# Spectrum of a Ring

We have a functor Spec from Ring to Schemes:

$$\text{Ring} \xrightarrow{\text{Spec}} \text{Schemes}$$

Schemes look like Fun(Ring, Set). So Spec sends a ring to a functor from Ring to Set.

$$\text{Ring} \xrightarrow{\text{Spec}} (\text{Ring} \to \text{Set})$$

Honestly, whenever I see “scheme” I replace it mentally with “algebraic curve,” but this is just because I don’t really get what a scheme is yet.

$$R \xrightarrow{\text{Spec} (-)} \text{Spec(R)}$$

$$R \xrightarrow{\text{Spec} (-)} (S \mapsto \text{hom}(R,S))$$

$$\text{Spec}$$ $$R$$ $$S$$ = $$\text{Hom}_{\text{Ring}}(R, S)$$

Let say we have:

1. a ring $$\mathbb{Z}[t]$$ (this is just the ring of polynomials with $$t$$ as a variable and coefficients in $$\mathbb{Z}$$)
2. an arbitrary ring $$S$$.

What is $$\text{hom}(\mathbb{Z}[t], S)$$?

Notice that we’re in Ring, so the members of $$\text{hom}(\mathbb{Z}[t], S)$$ must be Ring homomorphisms. Let’s say we’re looking at a ring homomorphism $$\phi: \mathbb{Z}[t] \to S$$.

I learned from Cris Moore that demanding examples is a useful practice, so: What is $$\phi(7t^2-4t+3)$$ in simpler terms?

$$\phi$$ is a ring homomorphism, so we know that $$\phi(1) = 1_s$$. This implies that $$\phi(n) = n_s$$.

$$\phi(7t^2-4t+3) = \phi(7t^2) – \phi(4t) + \phi(3)$$
$$= \phi(t)(\phi(7t) – \phi(4)) + \phi(3)$$
$$= \phi(t) (\phi(t) 7_s – 4_s) + 3_s$$

$$\phi(t)$$ is not determined! We can pick it to be any element of S!

$$\text{hom}(\mathbb{Z}[t], S) \simeq {\phi(t) \in S} = S$$

In other words, $$\text{Spec}(\mathbb{Z}[t])$$ is a forgetful functor from $$S$$ as an object in $$\text{Ring}$$ to its underlying set.

Exercise: show that $$\mathbb{Z}[t]$$ is an initial object in an appropriate category, and that the trivial ring is the terminal object in the appropriate category.

#### But what is Spec?

It’s the spectrum of a ring!
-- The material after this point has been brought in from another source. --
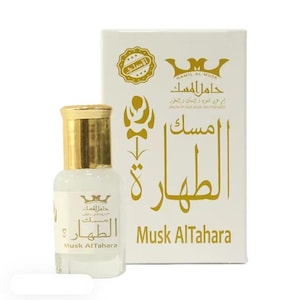 Puede incluir: Un pequeño frasco de perfume con tapón dorado y etiqueta blanca, junto a una caja blanca. La caja y el frasco tienen texto árabe y las palabras "Musk AlTahara". El frasco está lleno de un líquido transparente.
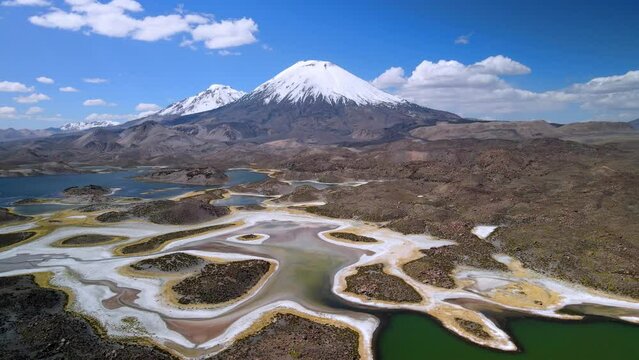 Aerial view over of Cotacotani Lagoon, Lauca National Park in Chile - forward eye bird, drone shot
Intuitively, $$\text{Spec} R$$ is the geometric object canonically associated to $$R$$.

For example:

• $$\text{Spec}(\mathbb{Z})$$ is “The Point”
• $$\text{Spec}(\mathbb{Z}[x,y]/ (x^2 + y^2 – 1))$$ is “The Circle”
• $$\text{Spec}(\mathbb{Z}[x,x^{-1}]$$ is “Pairs of Invertible Elements” (e.g. a field with the origin removed)

Let’s look at $$\text{Spec}(\mathbb{Z}[x,y]/ (x^2 + y^2 – 1))(S)$$ when $$S$$ is $$\mathbb{R}$$, it’s obviously the circle BUT IT WORKS FOR (almost) ANY S. The concept of there being a canonical geometry associated to every ring is very exciting!

Sidenote:

When people say “elliptic curve” they might mean “a family of elliptic curves”, this is commonly written $$C to \text{Spec} R$$ where $$R$$ is the underlying coefficient ring.

For example, $$y^2=4x^3+ax+b \mapsto a, b in R$$ is the family of elliptic curves of the form $$y^2=4x^3+ax+b$$ over the coefficient ring $$R$$.

I’m trying to figure out what happens when $$S$$ is not something nice like $$\mathbb{R}$$ or $$\mathbb{C}$$. What is a circle in the coefficient ring of an elliptic curve?

Thanks to Aaron Mazel-Gee for walking me through the concept of $$\text{Spec}$$ (all errors in this post are mine and not his).